◆ SUPPLIED DATA:

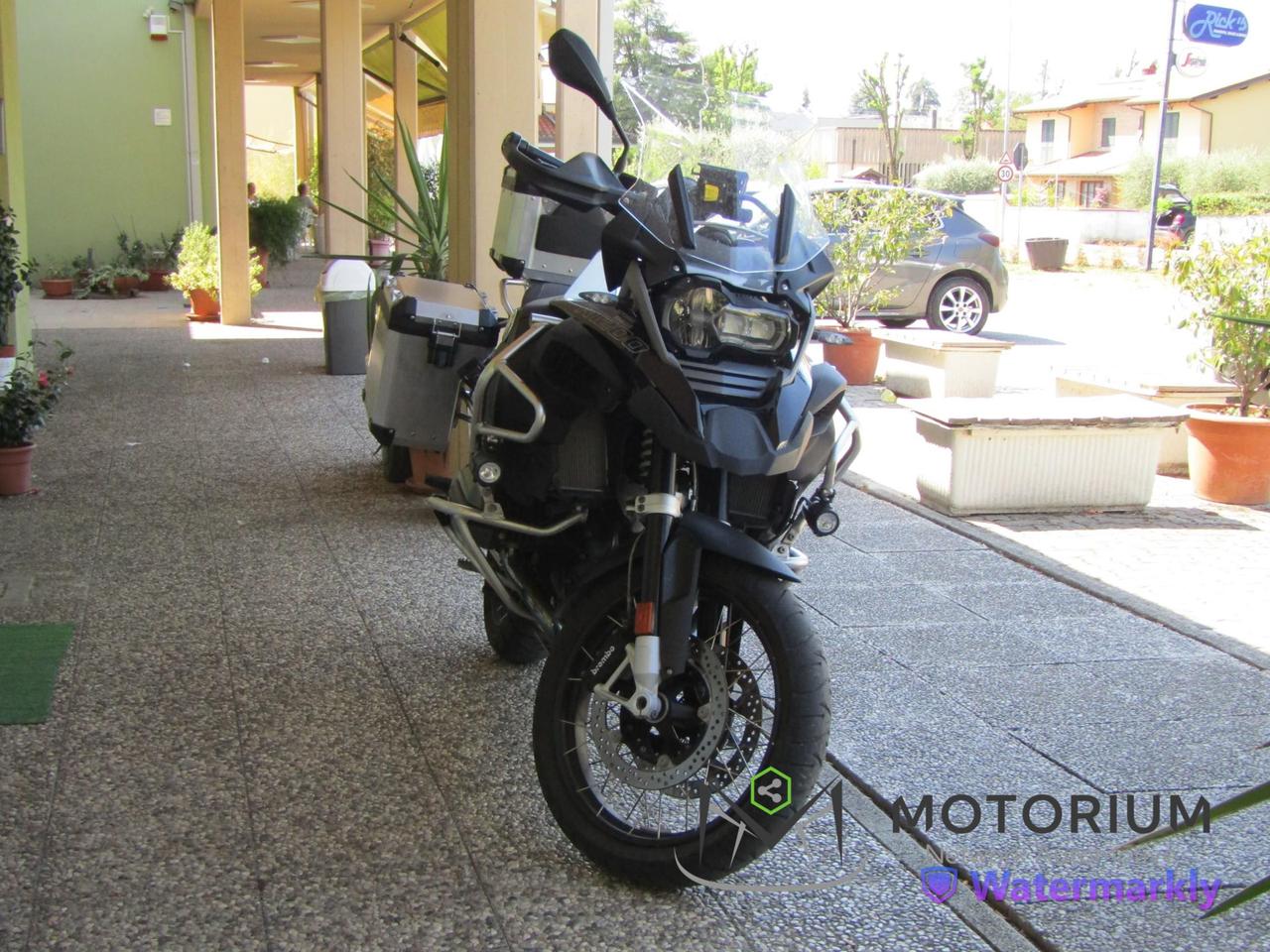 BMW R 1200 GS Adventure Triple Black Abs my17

--

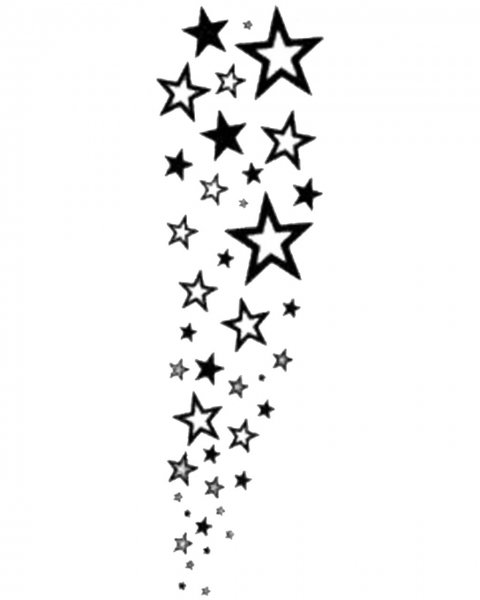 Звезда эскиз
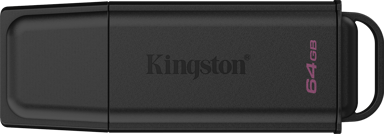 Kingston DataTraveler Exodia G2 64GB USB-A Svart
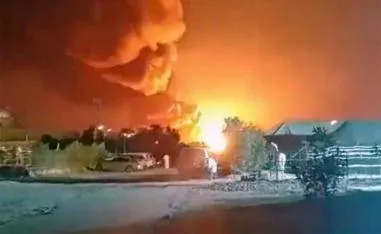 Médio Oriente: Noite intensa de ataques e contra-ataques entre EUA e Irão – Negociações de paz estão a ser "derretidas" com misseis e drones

* * *

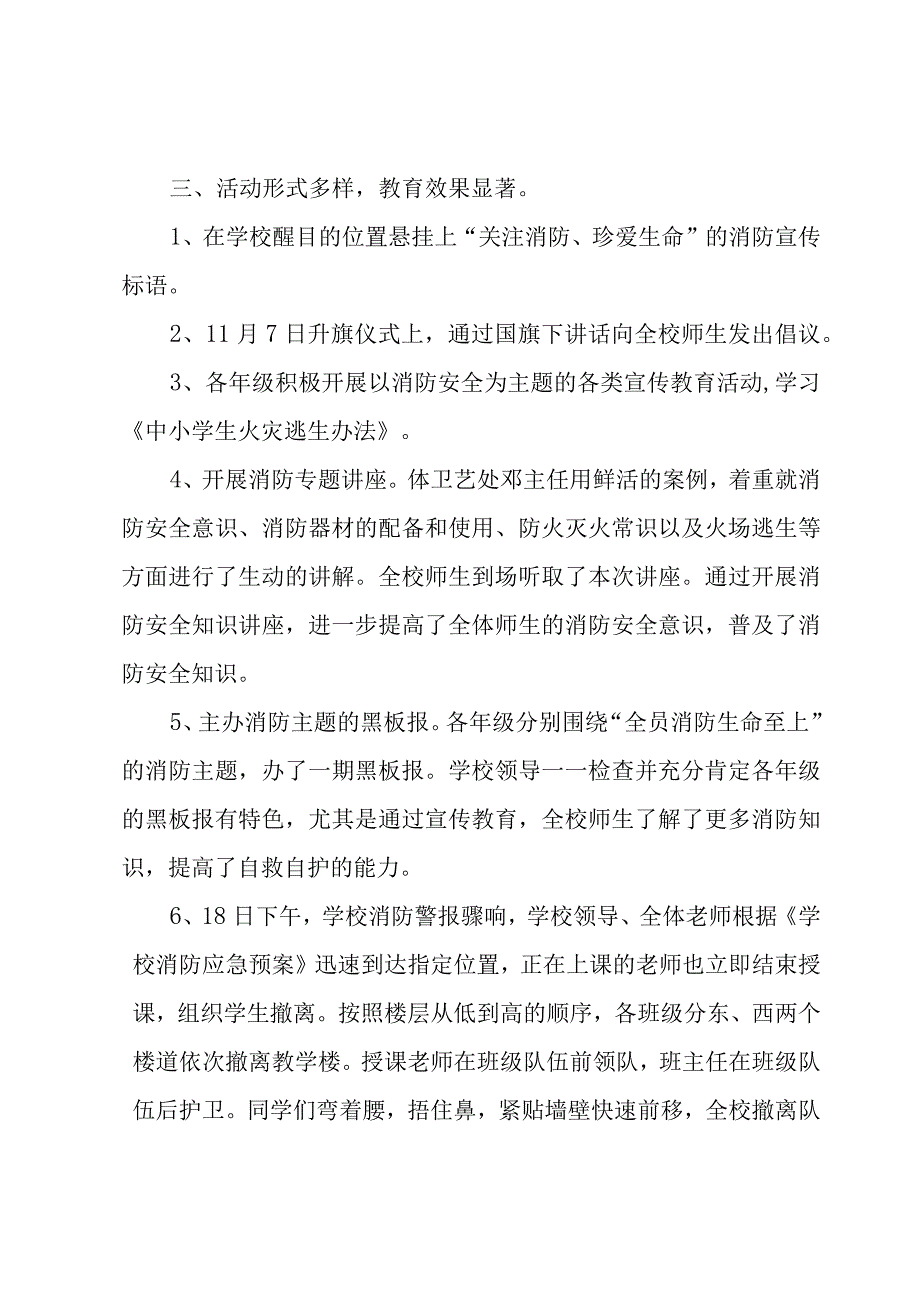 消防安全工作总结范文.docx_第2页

◆ WORK INSTRUCTIONS: Leaving out all pictures, set down exactly the lines of the material above, from the line with "Kingston DataTraveler Exodia" to the line with "Médio Oriente: Noite" inclusive, and no others.

◆ ANSWER TO THIS PROBLEM:
 Kingston DataTraveler Exodia G2 64GB USB-A Svart
 Médio Oriente: Noite intensa de ataques e contra-ataques entre EUA e Irão – Negociações de paz estão a ser "derretidas" com misseis e drones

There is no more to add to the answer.